= Victoria Taft =

American actress (1951–2018)

Victoria "Vicki" Taft (November 11, 1951 – November 8, 2018) was an American actress, model, and television commercial actress. She worked in the entertainment industry during the 1960s, 1970s, and 1980s and was known among family and friends for her involvement in film and television productions in Southern California. She died during the 2018 wildfire in Paradise, California.

== Early life ==
Victoria Taft was born in Norristown, Pennsylvania, and grew up primarily in Los Angeles, California. She was the daughter of cameraman Larry Debaun and Marian Bradford Taft. Through her family, she was exposed to the entertainment industry from an early age. Her father worked on productions for major studios including Paramount Pictures, Columbia Pictures, and Metro-Goldwyn-Mayer, and later on the television series Happy Days. Her paternal grandfather, Everett Debaun, was a television screenwriter.

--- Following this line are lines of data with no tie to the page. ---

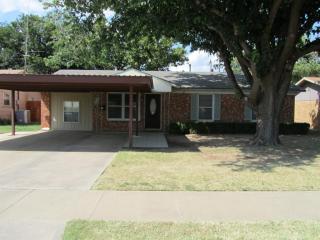 5036 52nd St, Lubbock, TX 79414-3706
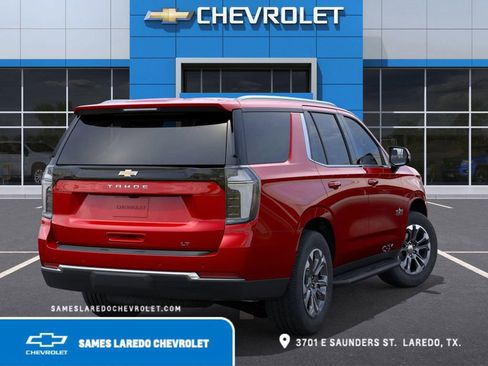 New 2026 Chevrolet Tahoe LT w/ Comfort Package image 4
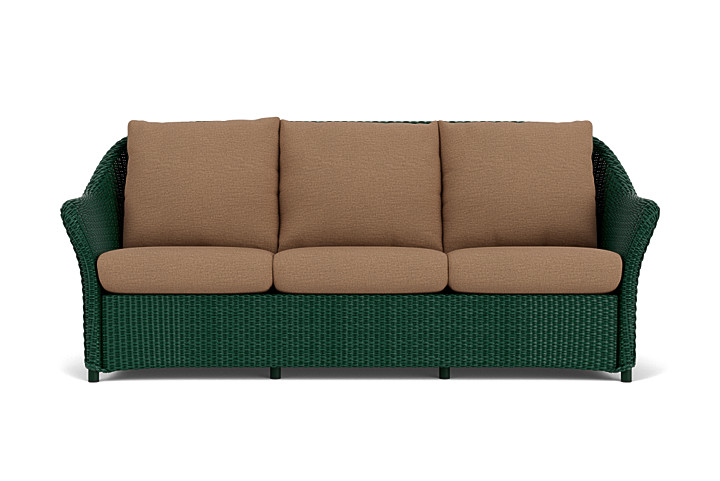 Lloyd Flanders - Weekend Retreat Sofa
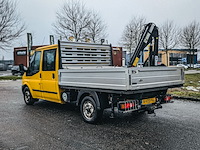 Bedrijfsauto met autolaadkraan ford, transit 300m 2.2 tdci ambiente dc, bouwjaar 2012 - afbeelding 4 van  38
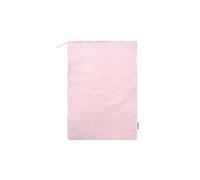 SACCHETTO per il CAMBIO asilo nido 100% Cotone 34x48 ricamo porta corredo bimbo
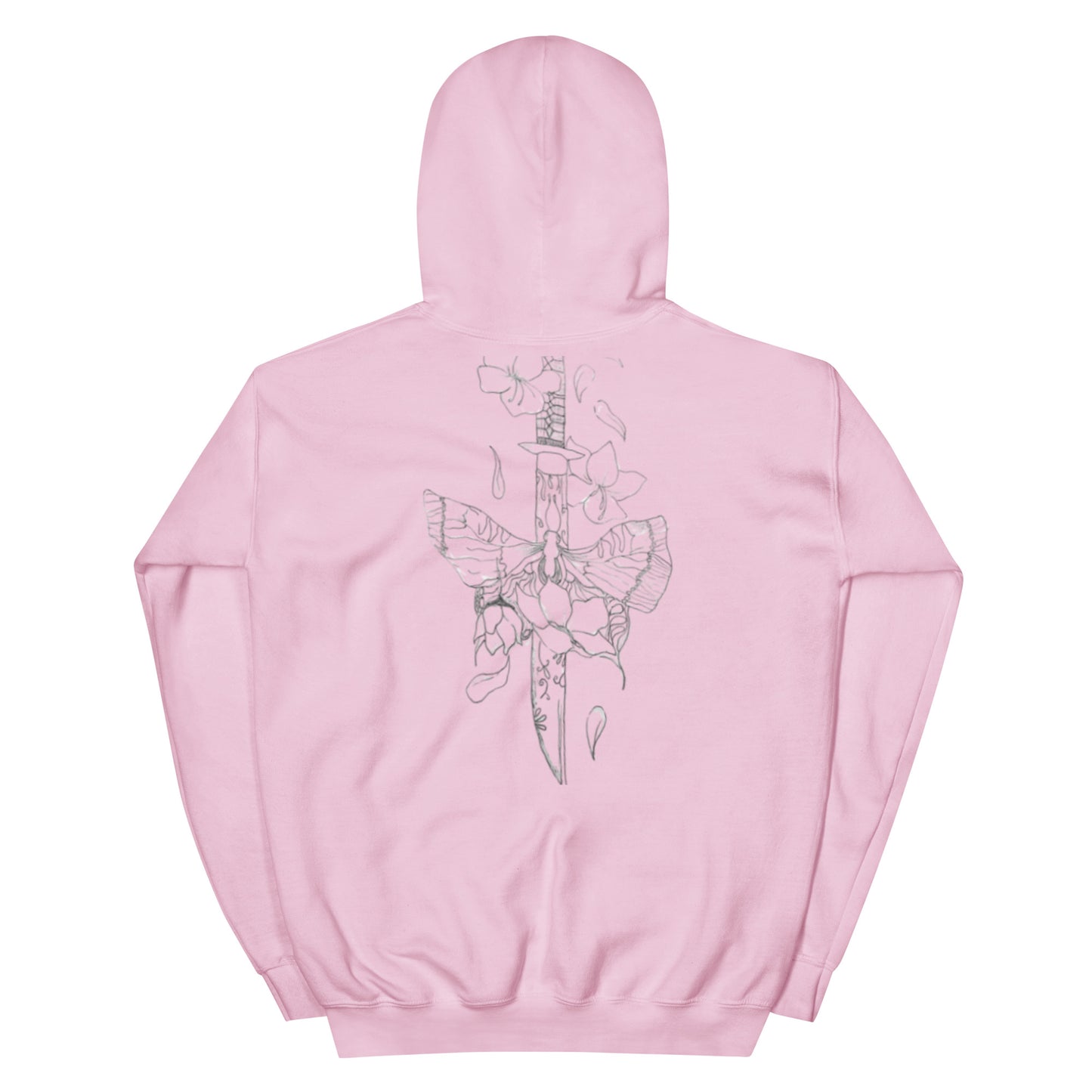 dagger spine Hoodie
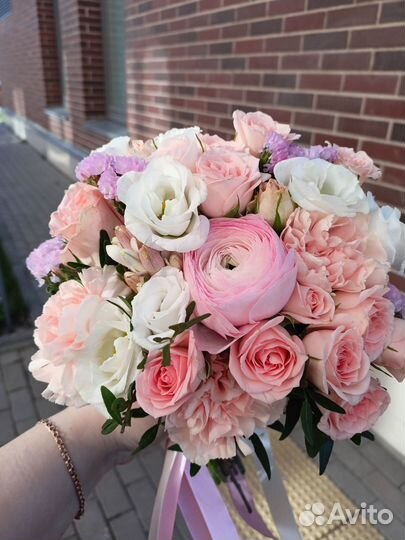 Букет на свадьбу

Taft made her stage debut at the age of six in a production of Gentleman Jane, appearing alongside her father.

== Career ==
Taft worked as an actress, stunt performer, model, and publicity representative. During the late 1960s, she was associated with the Los Angeles music scene and worked as a publicity agent. Over the course of her career, she appeared in films, television productions, and theatrical performances. According to biographical accounts, she was involved in more than 25 entertainment projects.

Her credited film appearances reportedly included roles in Checkered Flag, Rocky III, and Malibu Hot Summer. Other production records and résumés associated with her career listed appearances in television programs such as Flying High, The Love Boat, and The Dating Game. She also worked behind the scenes in production-related roles and served as a stunt double in the 1990 Disney film Dick Tracy, where she doubled for actress Glenne Headly.

Taft worked in real estate in Southern California and was involved in residential property sales in the Beverly Hills area.

== Personal life ==
Taft traveled extensively throughout Europe, North Africa, and the Mediterranean region. She attended Los Angeles Valley College and pursued studies related to real estate and film production. After leaving the entertainment industry, she devoted much of her time to raising her daughter, Christina Taft, in Arizona.

In 2008, she relocated to Paradise, California, where she assisted family members and participated in community activities, including volunteer work with the Paradise Lions Club.

== Death ==
On November 8, 2018, Taft died during the wildfirefire in Paradise, California, the deadliest wildfire in California history at the time. She remained at her home in Paradise, California, as the fire rapidly approached the town. Her remains were later recovered from the ruins of her living room. Her daughter, Christina Taft, subsequently helped document her life and experiences as part of efforts to memorialize wildfire victims. She was 66 years old.

== Legacy ==
Following her death, Taft was featured in several news stories and memorial projects highlighting the lives of wildfire in Paradise, California victims. These accounts documented her background in acting and stunt performance as well as her life in California before relocating to Paradise.